PAPOTAGE CHATS 2
(Plaque professionnelle de l’Ordre des Vétérinaires)
Un jour de 1964, alors que je quittais l’usine au volant de ma 403 pour aller déjeuner, Madame Raymonde Humbert, contremaîtresse, frappa au carreau de ma voiture. Elle était affolée :
« Monsieur Bas, est-ce que je peux vous confier mon chat ? C’est un cas d’urgence : la pauvre bête a avalé une patte de lapin qui lui est restée en travers de la gorge ! Voyez mon pauvre Felix, comme il s’étouffe, comme il hoquette ! J’ai téléphoné au vétérinaire qui l’attend. Vous passez juste devant son cabinet, soyez gentil de me rendre ce service car je dois prendre ma faction à 13 heures… »
Comment refuser ? J’ai donc pris le chat sur un siège arrière. Mais, déboussolé, le malheureux animal s’entêtait à me rejoindre, s’agrippait à moi, me grimpait sur l’épaule et la tête, me griffait, miaulait à fendre le cœur…Il n’était pas facile de conduire sur trois kilomètres dans les embouteillages de midi dans de pareilles conditions. Néanmoins, je parvins tant bien que mal à atteindre la maison du vétérinaire. C’était l’heure du déjeuner. Je sonnai. La femme vint m’ouvrir. Tout essoufflé, le chat solidement arrimé sous mon bras, conscient de l’urgence d’une intervention, je débitai sans préambule :
« Je vous apporte le chat de Madame Humbert…
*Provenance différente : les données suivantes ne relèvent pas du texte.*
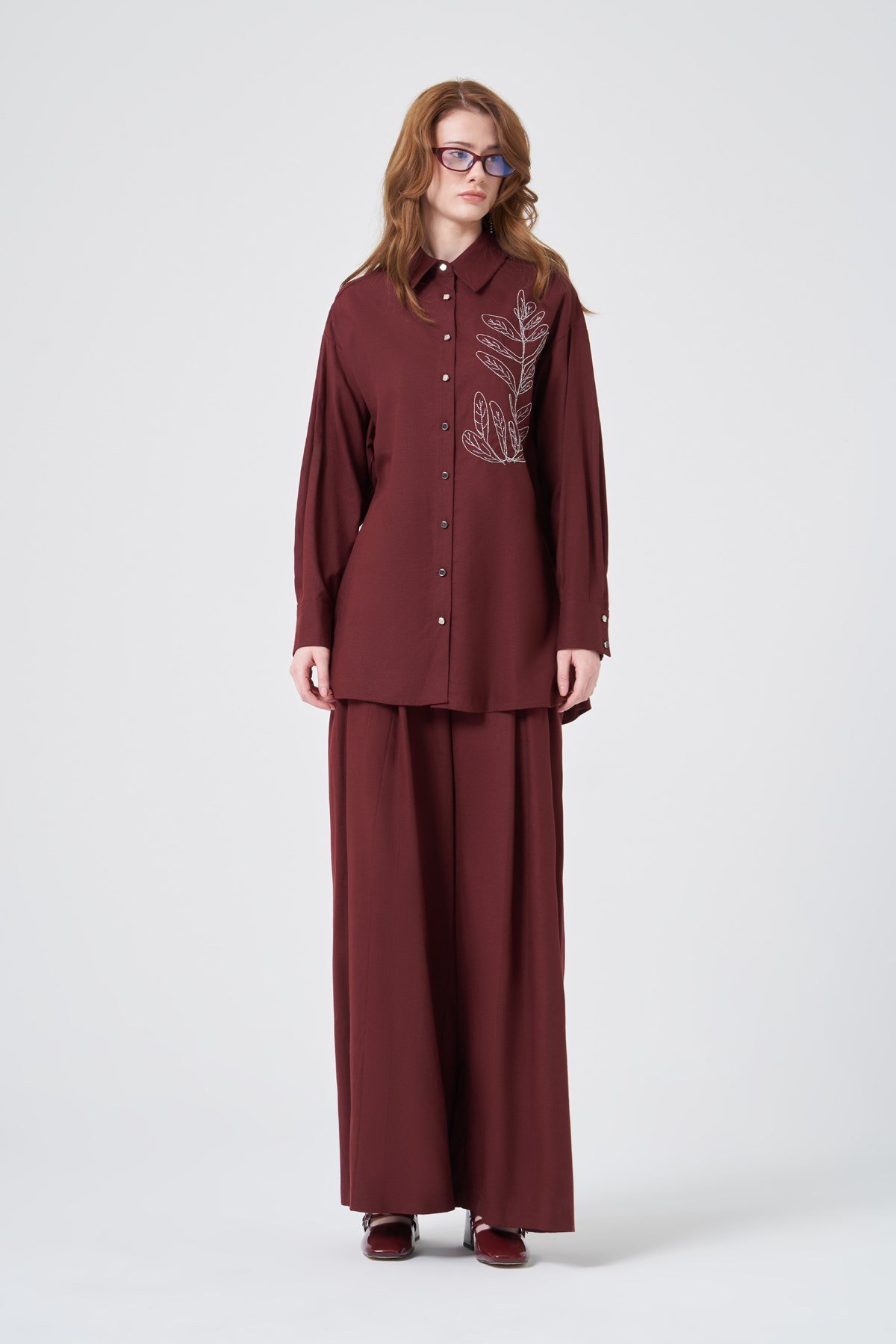 Kadın Zincir İşleme Tencel Keten Takım Bordo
- Le chat de Madame Humbert ? Mais je ne connais pas de Madame Humbert !
- Si, si, votre mari est au courant, Madame Humbert lui a téléphoné au sujet du chat ».
Se tournant vers la salle à manger où son mari poursuivait son repas, la femme cria :
« Tu connais une madame Humbert, toi ? Tu es au courant d’une histoire de chat ?
- Je ne connais aucune Madame Humbert et pas davantage le chat de Madame Humbert !
- Il y a là un monsieur qui apporte un chat très excité et qui dit que c’est de la part de madame Humbert, qu’elle t’a téléphoné à ce sujet…
- Qu’est-ce que c’est que cette histoire invraisemblable ! » s’exclama le mari en se levant enfin et en s’approchant de la porte où je multipliais les contorsions pour rester maître de la boule de poils, de griffes et de muscles qui s’agitait frénétiquement sous mon bras. Je m’efforçai cependant de garder mon calme et de clarifier la situation :
« Oui, monsieur, souvenez-vous, il s’agit d’un cas d’urgence : cette pauvre bête a avalé une patte de lapin, vous avez promis à Madame Humbert de la lui retirer… ».
Mes interlocuteurs me regardèrent avec ahurissement. Le chat redoubla de miaulements et de gigotements désespérés. L’homme sentit qu’il devait hausser le ton :
« Monsieur, il s’agit sans doute d’une mauvaise plaisanterie. Nous n’avons jamais eu de chat et nous ne voulons pas de chat, encore moins avec une patte de lapin dans la gorge ! Et nous ne connaissons votre Madame Humbert ni d’Eve ni d’Adam !
- Monsieur, permettez-moi de m’étonner d’une attitude aussi peu compatissante de la part d’un homme qui, par profession, devrait avoir à cœur de soulager la souffrance des animaux ! » répondis-je sur un ton digne et courroucé tandis que Félix s’énervait de plus belle et essayait de m’échapper.
Par profession…. Par profession… La lumière jaillit alors ! L’homme avait une belle plaque de cuivre sur son portail que je n’avais jamais pris la peine de bien lire jusqu’au bout. Pour je ne sais quelle raison, je m’étais mis dans la tête depuis toujours que c’était la plaque professionnelle du vétérinaire. En réalité, le vétérinaire habitait quelques maisons plus loin. Celui que je prenais pour le vétérinaire était en fait…le notaire du pays !
Le vétérinaire était bien au courant et connaissait madame Humbert et son chat. Il n’a eu aucune peine à délivrer l’animal de son os malencontreux.